Polymer optics from Ball Aerospace lighten telescope load for DARPA's MOIRE program

Dec. 30, 2013
Boulder, CO--Using ultra-lightweight polymer membrane optics, Ball Aerospace & Technologies has demonstrated telescope technology needed for the DARPA MOIRE program.

IMAGE: Ball Aerospace is demonstrating technology needed to deploy a large, 20 m diameter, lightweight space-based telescope in geosynchronous orbit as part of the MOIRE program led by DARPA. (Image credit: Ball Aerospace & Technologies)

Boulder, CO--Using ultra-lightweight polymer membrane optics, Ball Aerospace & Technologies has demonstrated unprecedented telescope technology needed to deploy a large, 20 m diameter, lightweight space-based telescope in geosynchronous orbit as part of the Membrane Optic Imager Real-time Exploitation (MOIRE) program, led by the Defense Advanced Research Projects Agency (DARPA).

Most recently, Ball completed construction and testing of one-eighth of a 5 m diameter annular segmented telescope to verify functionality of the MOIRE design. "The ground demonstration substantiates that this innovative technology could work on next generation space telescopes to greatly reduce their costs and enable larger telescopes," said Ball Aerospace president Rob Strain. "This technology could apply to a wide-range of applications - to provide various forms of information to a multitude of users."

The lightweight optics developed under the MOIRE program reduces the mass of large aperture telescopes by nearly an order of magnitude compared to those with conventional optics. Since costs scale roughly with spacecraft mass, one key to affordability is minimizing the mass of future space optics. This technology could lend itself to easily stowed configurations for launch within a payload shroud that could be deployed on orbit. The telescope concept that Ball developed employs thin (less than 1/1000th of an inch) transparent membranes etched with a diffraction pattern as the primary optical element used to focus light.

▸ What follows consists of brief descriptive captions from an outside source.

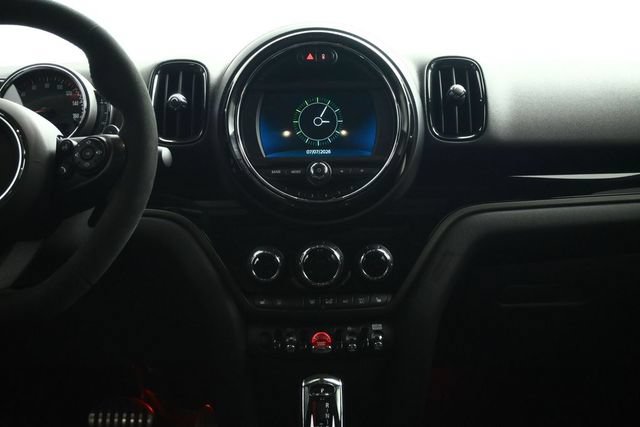 Used 2020 MINI Cooper Countryman John Cooper Works AWD/4WD image 37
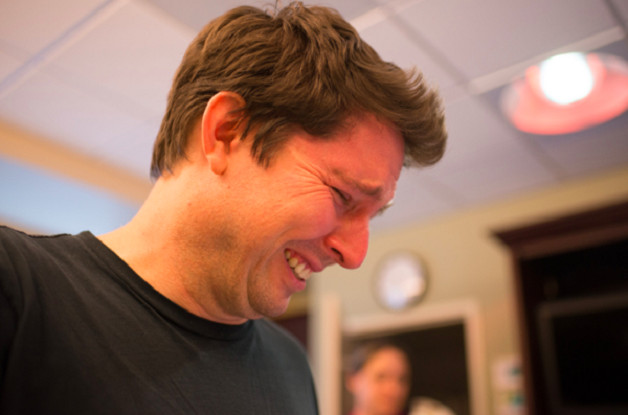 as-imagens-comoventes-um-parto-fotografado-pela-propria-mae-9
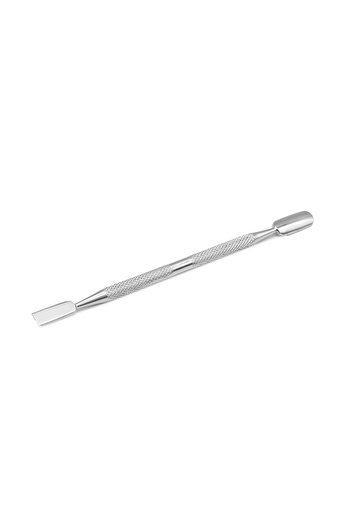 global fashion Cuticle tool/pusher, L5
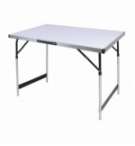 Bertoni Tavolo Market 1 m. - 60x100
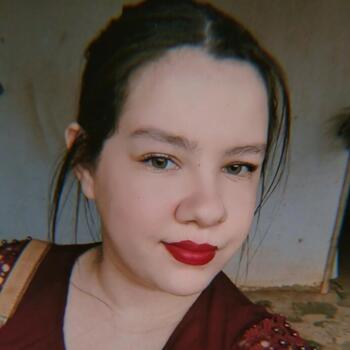 Babá Campo Grande: Brenda karine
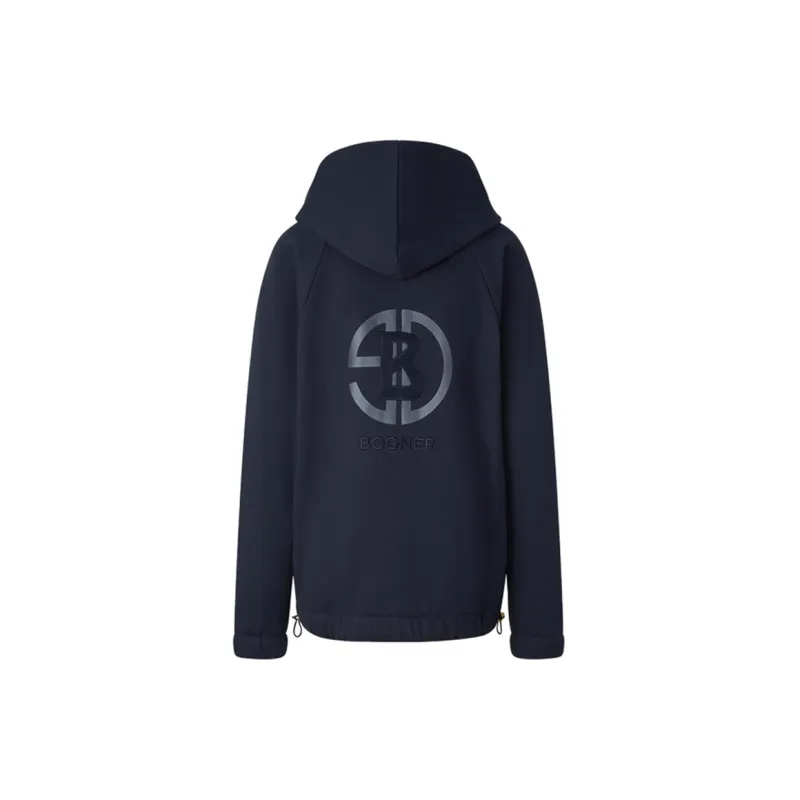 BOGNER 90Th Anniversary Series FW22 Sweatshirt Unisex-1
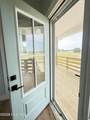 514 Harvest Point Road - Photo 22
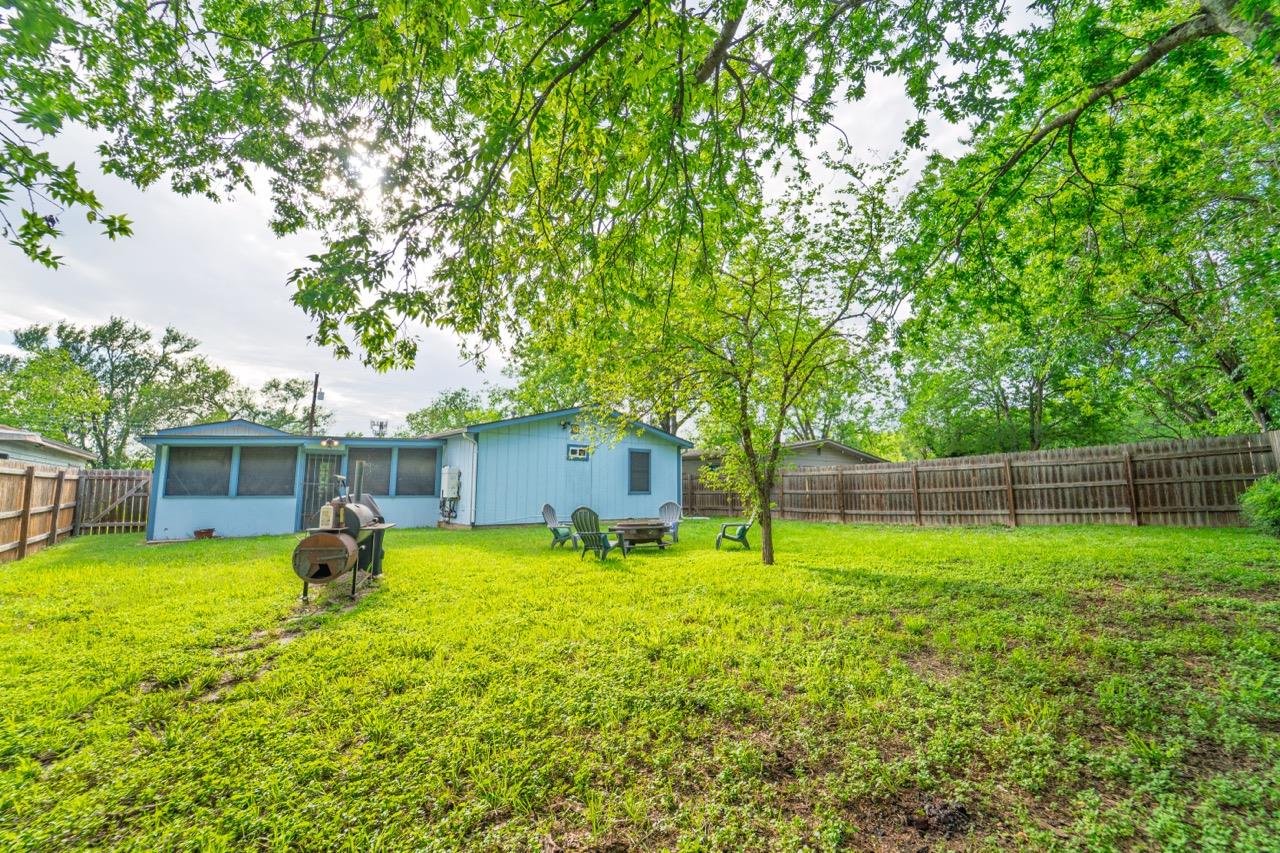 5215 Overbrook Dr Property Photo 32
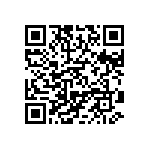 DW-30-19-F-Q-450 QRCode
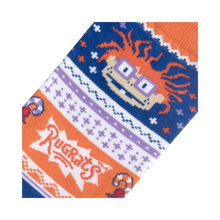 Load image into Gallery viewer, Chuckie Ugly Sweater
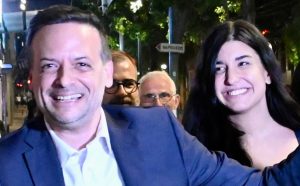 ΔΟΥΚΑΣ ΠΟΛΥΤΑΝΟΥ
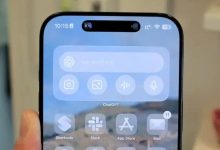 Photo of Khi nào trí tuệ nhân tạo của Apple tích hợp GPT-5 của OpenAI?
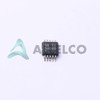 TPS54040DGQ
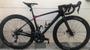 Giant  DEFY ADVANCED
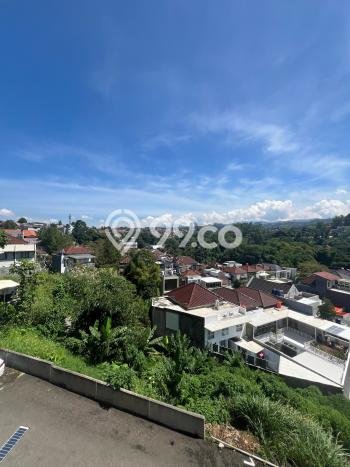 Rumah Modern 3 KT LT 95m2 di Cigadung Rumah Modern 3 KT LT 95m2 di Cigadung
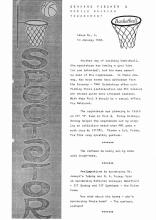 Spectator - January 14, 1982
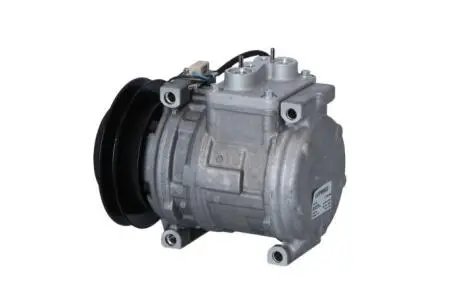 Автозапчасть NRF 32174G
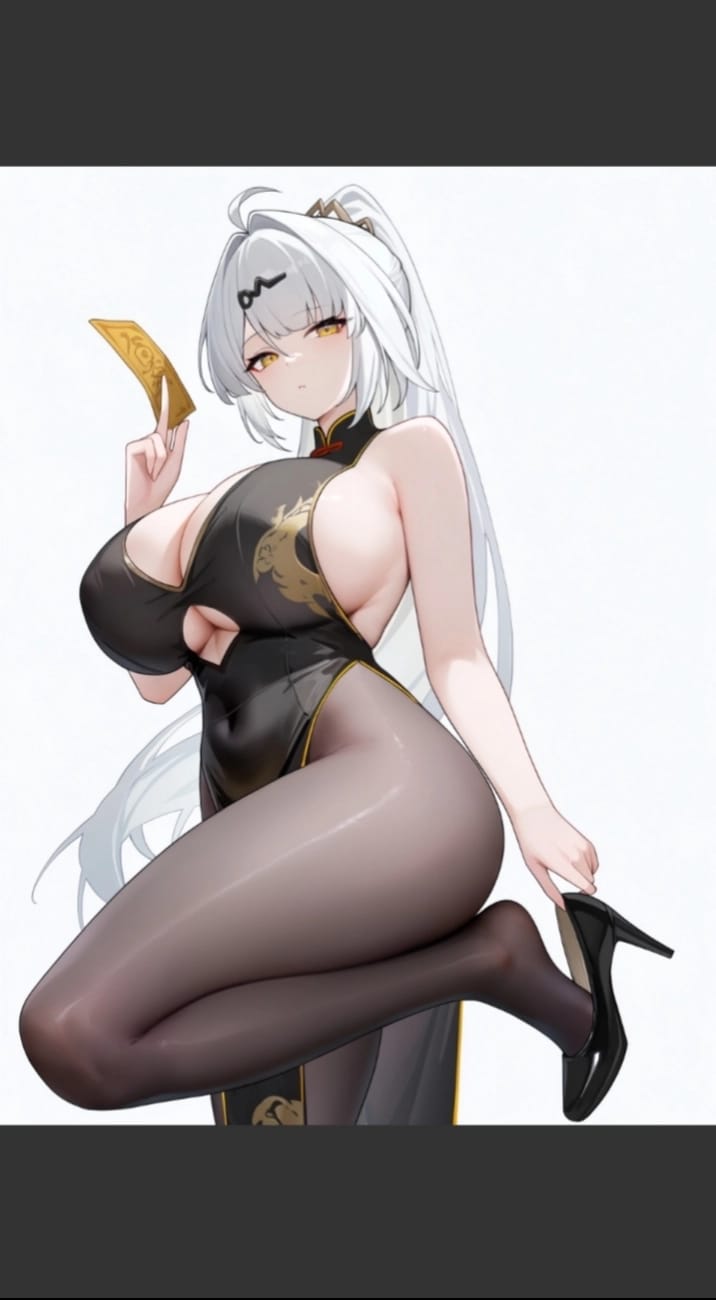 https://cdn.rubii.ai/public/character/chara_68a42069d99377cc7b0e5226.webp
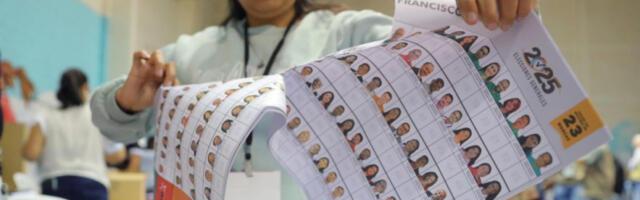 Трамп запретио Хондурасу „пакленом одмаздом“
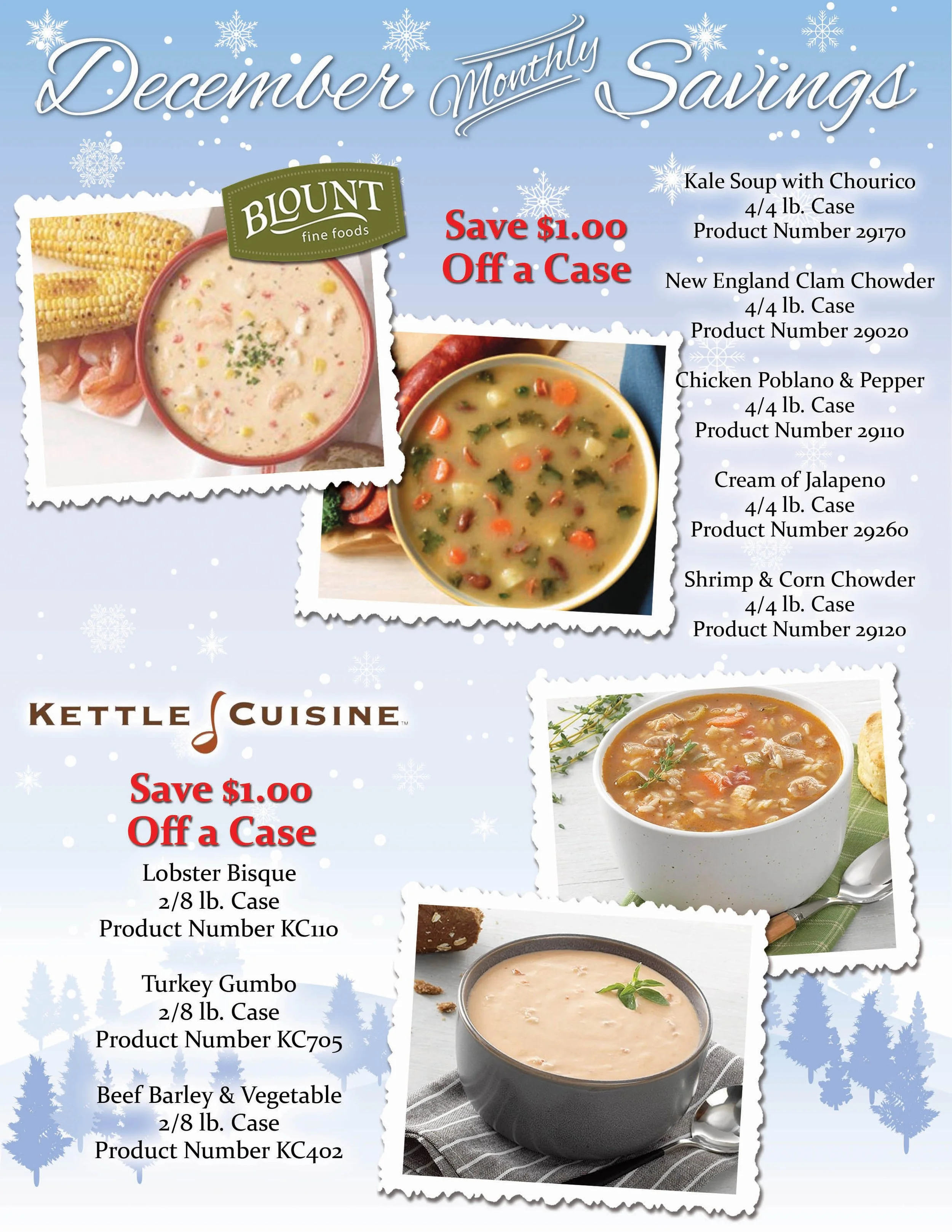 December Front Flyer 2025.jpg
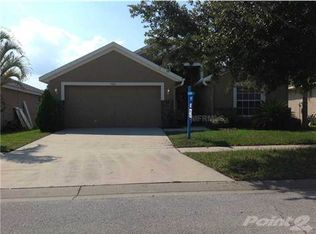 5611 Hawkgrove Pl, Lithia, FL 33547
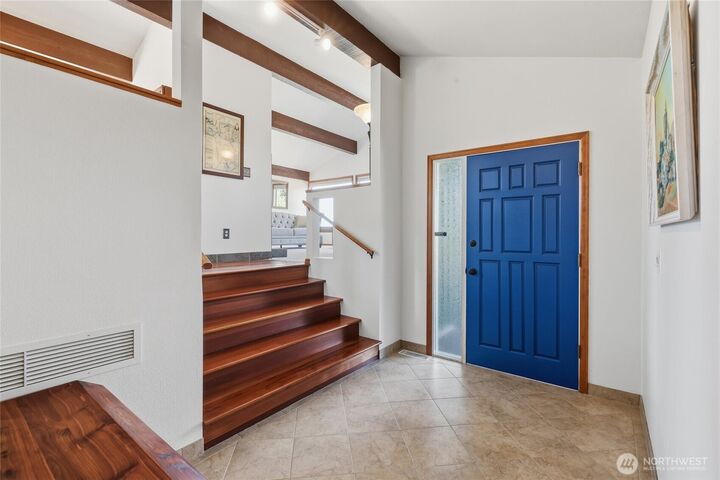 Property Photo: 3016 51st Place SW WA 98203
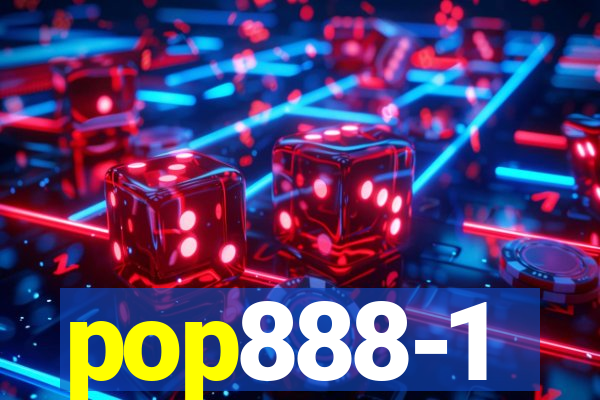 pop888-1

"This is the first design to use transparent membranes on a large scale," said Aaron Seltzer, director of advanced development for Ball Aerospace's National Defense business unit. "The result is a telescope with exceptionally low mass per unit of collecting area."

To produce MOIRE's optical-quality polymer membranes and the precision etching needed to generate the diffraction pattern, Ball worked with NeXolve and the Lawrence Livermore National Laboratory. The Ball demonstration telescope uses six primary diffractive optical elements (DOEs). Additional technologies demonstrated by Ball for the MOIRE telescope include the use of secondary DOEs to correct chromatic dispersion; stability of the membranes; and the use of laser metrology and active optics to align the primary and secondary optics.

Following the successful ground-based proof of concept for MOIRE, the Ball team intends to pursue additional funding to move the technology forward.

Ball Aerospace & Technologies supports critical missions for national agencies such as the Department of Defense, NASA, NOAA, and other U.S. government and commercial entities. The company develops and manufactures spacecraft, advanced instruments and sensors, components, data exploitation systems, and RF solutions for strategic, tactical, and scientific applications. Ball Corporation and its subsidiaries employ 15,000 people worldwide and reported 2012 sales of greater than $8.7 billion.